+++ Dataset records +++

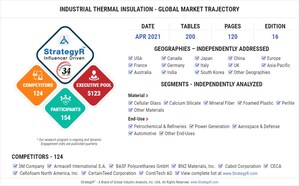 Global Industry Analysts Predicts the World Industrial Thermal Insulation Market to Reach $9.5 Billion by 2026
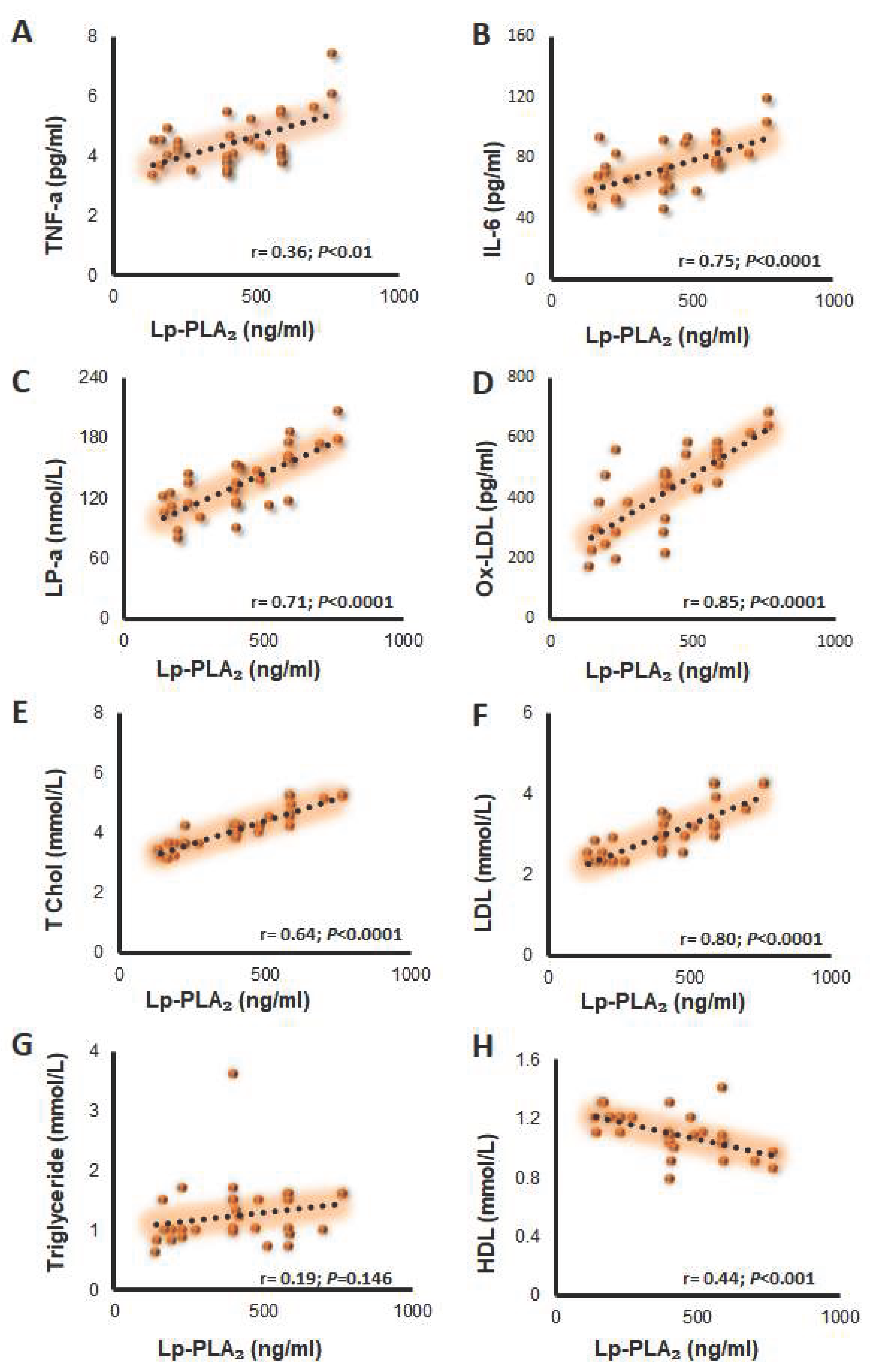 Preprints 187278 g002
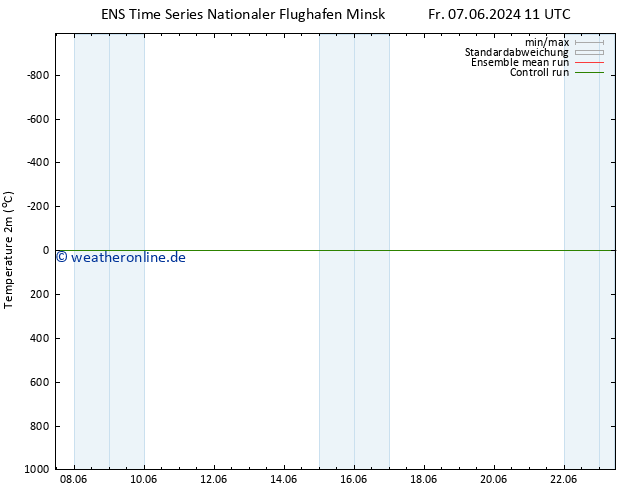 Temperaturkarte (2m) GEFS TS So 23.06.2024 11 UTC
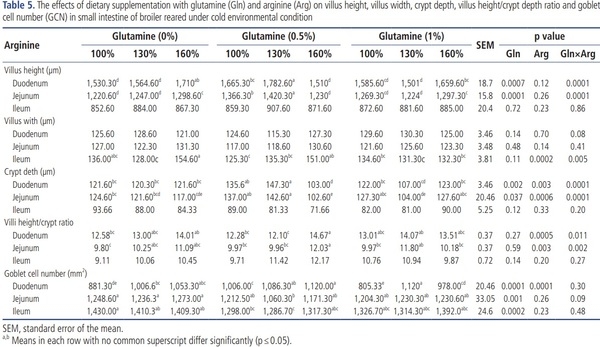 Effects of dietary glutamine and arginine supplementation on performance, intestinal morphology and ascites mortality in broiler chickens reared under cold environment - Image 5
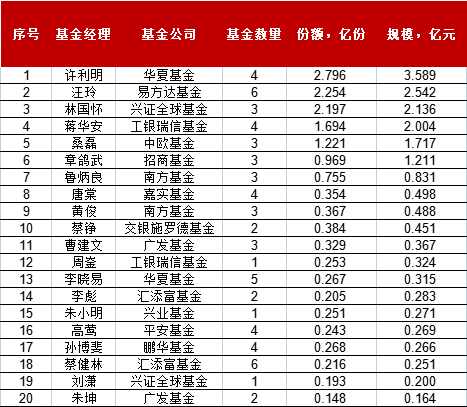 首批养老目标基金Y份额运行以来，哪家的规模比较大？华夏基金3.9亿元第一，易方达、兴全、工银瑞信超2亿元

+++

Directions for this task:
Pictures appear in the records above. Output everything except them, exactly.

Answer box:
 Global Industry Analysts Predicts the World Industrial Thermal Insulation Market to Reach $9.5 Billion by 2026
 Preprints 187278 g002
 Temperaturkarte (2m) GEFS TS So 23.06.2024 11 UTC
 Effects of dietary glutamine and arginine supplementation on performance, intestinal morphology and ascites mortality in broiler chickens reared under cold environment - Image 5
 首批养老目标基金Y份额运行以来，哪家的规模比较大？华夏基金3.9亿元第一，易方达、兴全、工银瑞信超2亿元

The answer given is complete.